LA CONVENTION DE BOUREM- Pierre Boiley qui a beaucoup travaillé sur cette question a revisité le procès-verbal des pourparlers ayant abouti à la signature de la Convention. Il a insisté sur «l’affranchissement» qui venait d’être accordé aux Iforas : «Les Iforas sont indépendants et relèvent directement de la Région de Gao. Ils n’ont plus rien à payer à leurs voisins et deviennent enfin les maîtres chez eux.»
Les conclusions sont encore plus
précises en ce qui concernent les Kel Ahagar qui étaient aussi une des parties
prenantes : «il est entendu que les Hoggars restent en dehors de la question,
comme étrangers au pays». (p.90). Le point n°7 des conclusions s’adresse
expressément aux Oulliminden en ces termes : «Les Oullimindens n’ont aucune attache
dans l’Adrar».
Le procès-verbal de la réunion relate des faits insolites et
inédits comme le marchandage entrepris par Firhoun pour faire prévaloir ses
prétentions sur les Iforas. «… Firhoun réclame d’abord toutes les tribus
imrads, puis simplement un partage des troupeaux, enfin au moins un cadeau
d’adieu.

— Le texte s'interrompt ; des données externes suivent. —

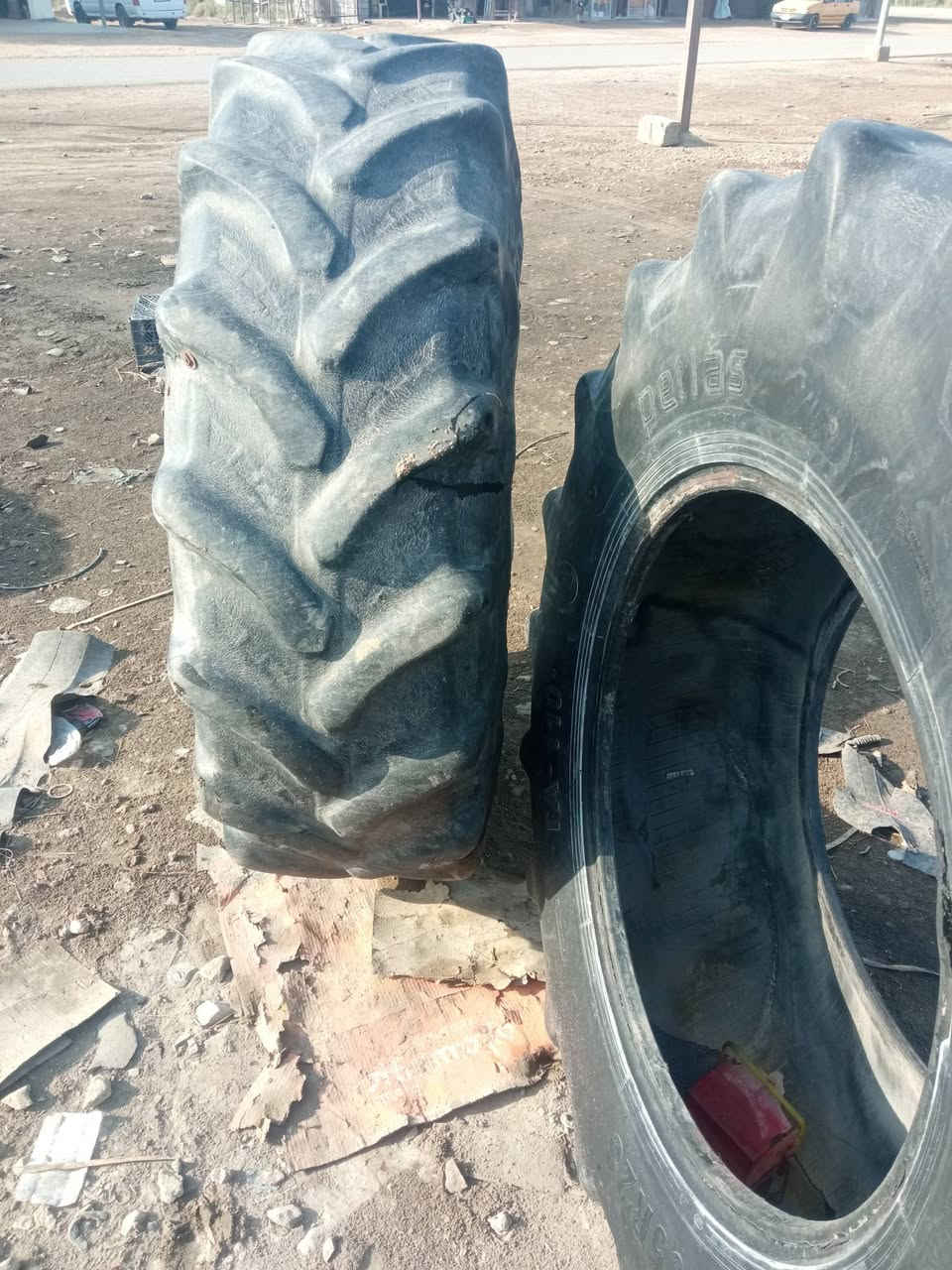 تايرات • ٢٨/٨٥/٤٢٠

Les Iforas refusent énergiquement et avec raison. Le chef de bataillon
les soutient et les Oulliminden abandonnent toute prétention». Firhoun n’est
pas content, et il va le faire savoir.
Le 15 septembre 1907, à Bourem,
le commandant Bétrix est parvenu à signer un document supposé mettre un terme à
la belligérance entre les Ifoghas, les Oulliminden et les Kounta. Il convient
aussi de décortiquer cette convention au-delà du simple fait qu’il accorde un territoire
aux Ifoghas. Pour le déroulement des évènements, l’Amenokal Firhoun ne s’est
pas rendu à Bourem. Il y a plutôt envoyé un représentant en la personne de
Ibrahim. Il en fut de même pour Hamoadi, le chef des Kounta dont le
représentant était Rhatari. C’est devant eux que le commandant Bétrix, en sa
qualité de Commandant de la Région de Tombouctou a «décidé».
Il a décidé
d’abord pour faire la police entre les Oulliminden et les Kounta.

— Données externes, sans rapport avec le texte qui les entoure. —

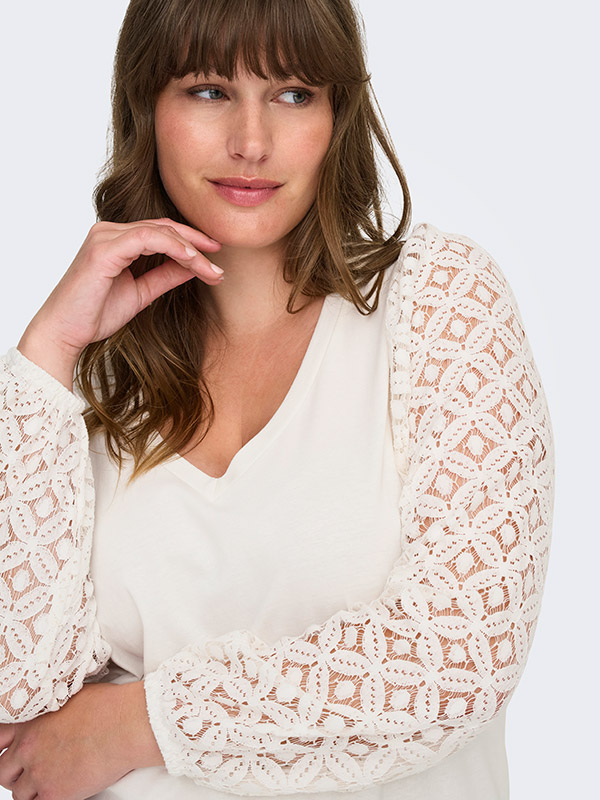 CAREFFIE - Plus Size Blouse fra Only Carmakoma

Principalement, les Oulliminden avaient enlevé aux Kounta, 80 personnes. Ils
vont devoir les rendre tout comme ils devront rendre aux Kounta dix fusils. De
leur côté, les Kounta rendront à Firhoun un fusil et 40 sabres. Ces
restitutions se feront à Bamba qui, à l’époque était déjà un Cercle ou entre
les mains du Commandant de poste dans un délai de trois mois.

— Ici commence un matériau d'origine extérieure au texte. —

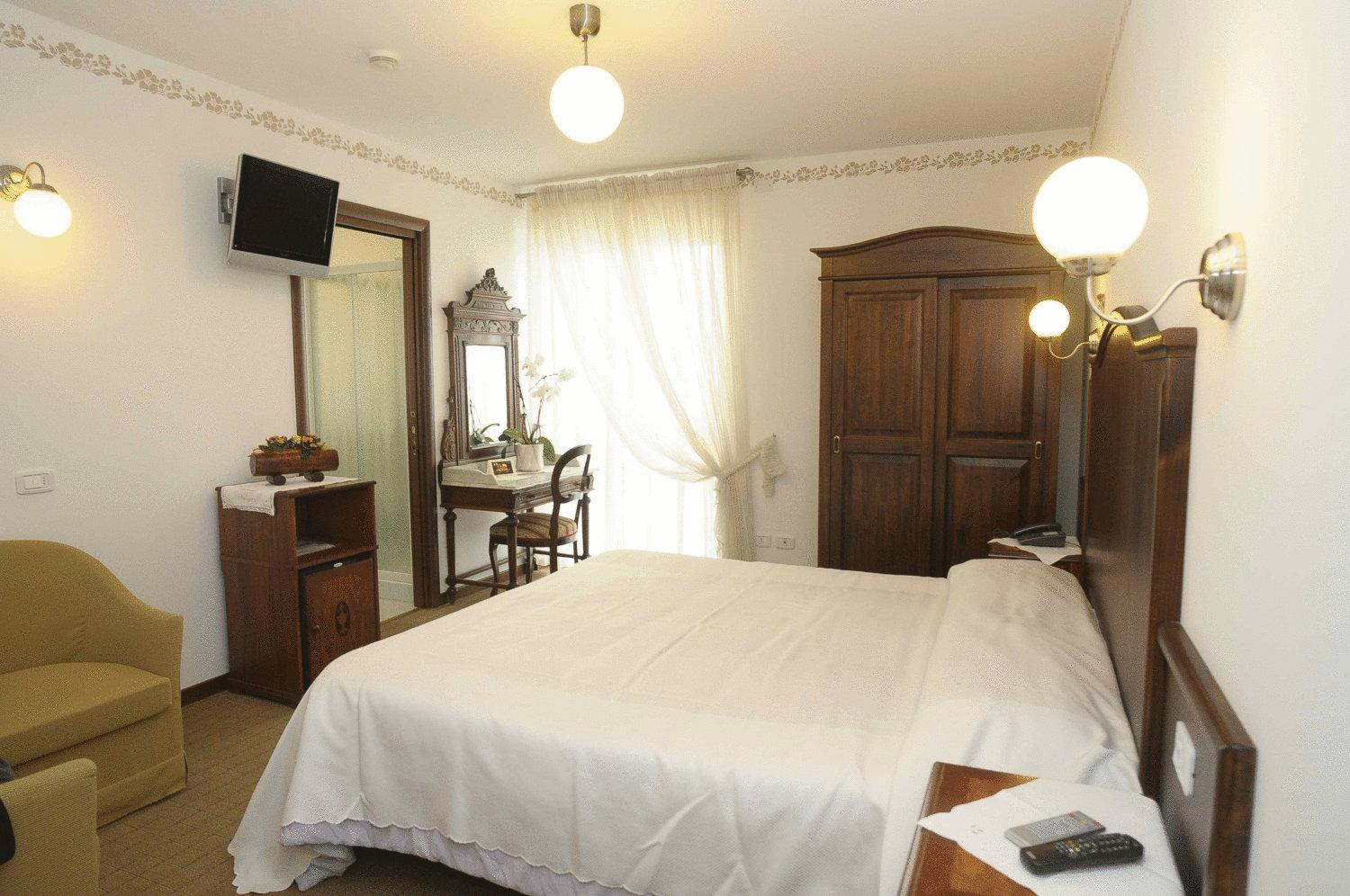 Double Room - Photo 1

Bétrix a aussi pensé à anticiper
sur les troubles ultérieurs. En cela, il va délimiter les terrains de parcours
en trouvant une zone tampon entre les Kounta et les Oulliminden, « une zone que
les deux tribus ne pourront plus occuper ». Ainsi, « les Kountas s’engagent
donc à ne plus entrer dans l’Adrar et à ne plus dépasser la ligne Bourem,
Adjamorte, In-Tassit, Tabankort, etc… ». Dans la même lancée, les Oulliminden
ne dépasseront pas la ligne Tondibi, Kerchoule, Anoumallen, Kidal, etc…. »
L’Adrar aux Ifoghas
C’est le point culminant de cette
convention. « L’Adrar sera laissé aux Iforas et ceux à qui il plaira aux
Français d’y installer », lit-on dans le texte. Désormais, ni les Oulliminden,
ni les Kountas ne peuvent avoir des prétentions sur l’Adrar qui n’a que deux
propriétaires, à savoir les Iforas et les Français. Donc désormais, on ne
parlera que de l’Adrar des Iforas. Telle fut l’histoire. Telle fut également la
base de la doctrine française sur l’Adrar. Telle fut, à partir du choix
délibéré des Français, la consécration de l’hégémonie des Iforas au détriment
de tous les autres occupants et même face à l’État.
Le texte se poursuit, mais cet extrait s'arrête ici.